Task requirements.
Using the listing below, set down exactly the lines starting at the line that contains "Hermia Botella de" and ending at the line that contains "Kia Niro EV", both included, and no others.

Provided data.
>>
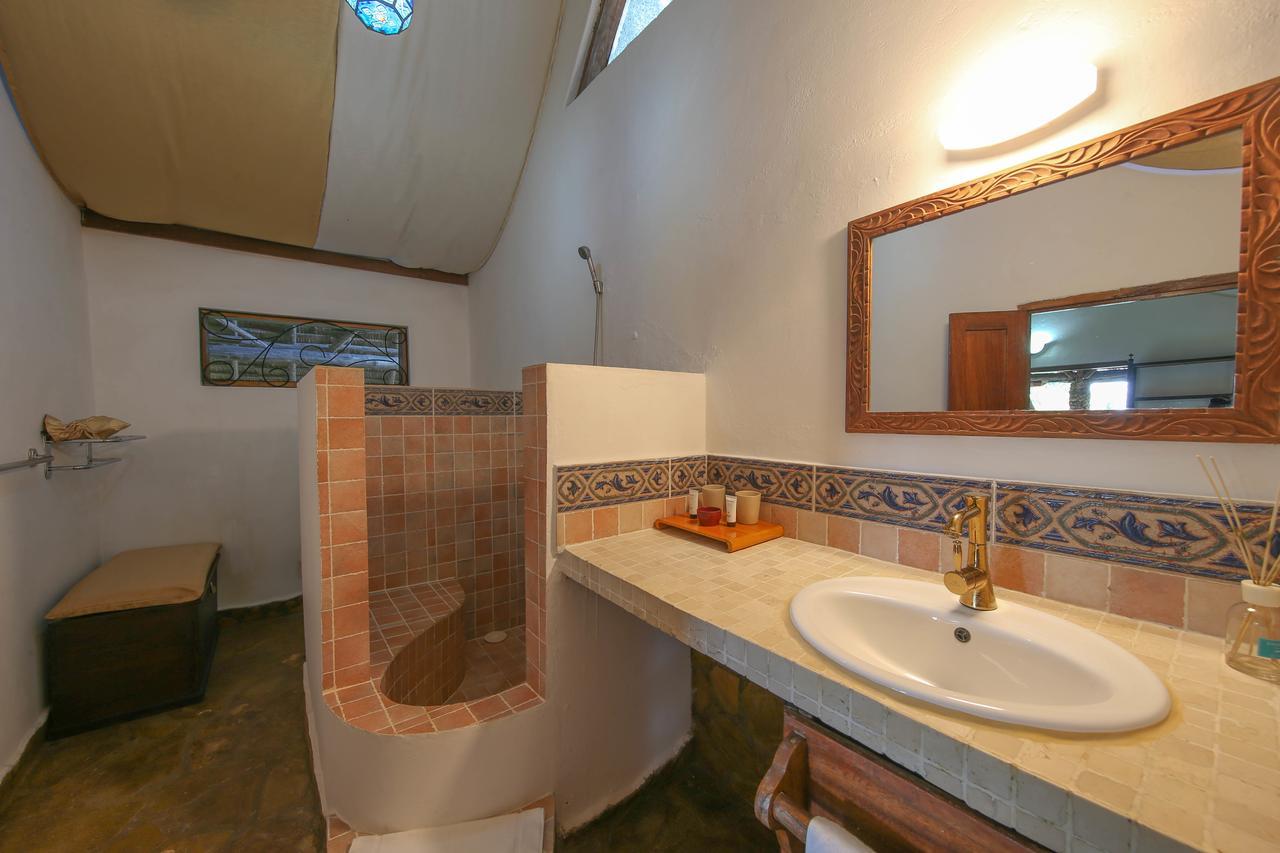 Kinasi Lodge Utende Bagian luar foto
<<
>>
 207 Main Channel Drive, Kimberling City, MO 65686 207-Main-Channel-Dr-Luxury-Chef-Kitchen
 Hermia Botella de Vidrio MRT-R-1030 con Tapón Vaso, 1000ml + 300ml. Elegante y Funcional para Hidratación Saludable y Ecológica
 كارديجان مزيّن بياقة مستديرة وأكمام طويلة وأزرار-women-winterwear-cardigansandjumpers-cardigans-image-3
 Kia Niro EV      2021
<<
Task output.
 Hermia Botella de Vidrio MRT-R-1030 con Tapón Vaso, 1000ml + 300ml. Elegante y Funcional para Hidratación Saludable y Ecológica
 كارديجان مزيّن بياقة مستديرة وأكمام طويلة وأزرار-women-winterwear-cardigansandjumpers-cardigans-image-3
 Kia Niro EV      2021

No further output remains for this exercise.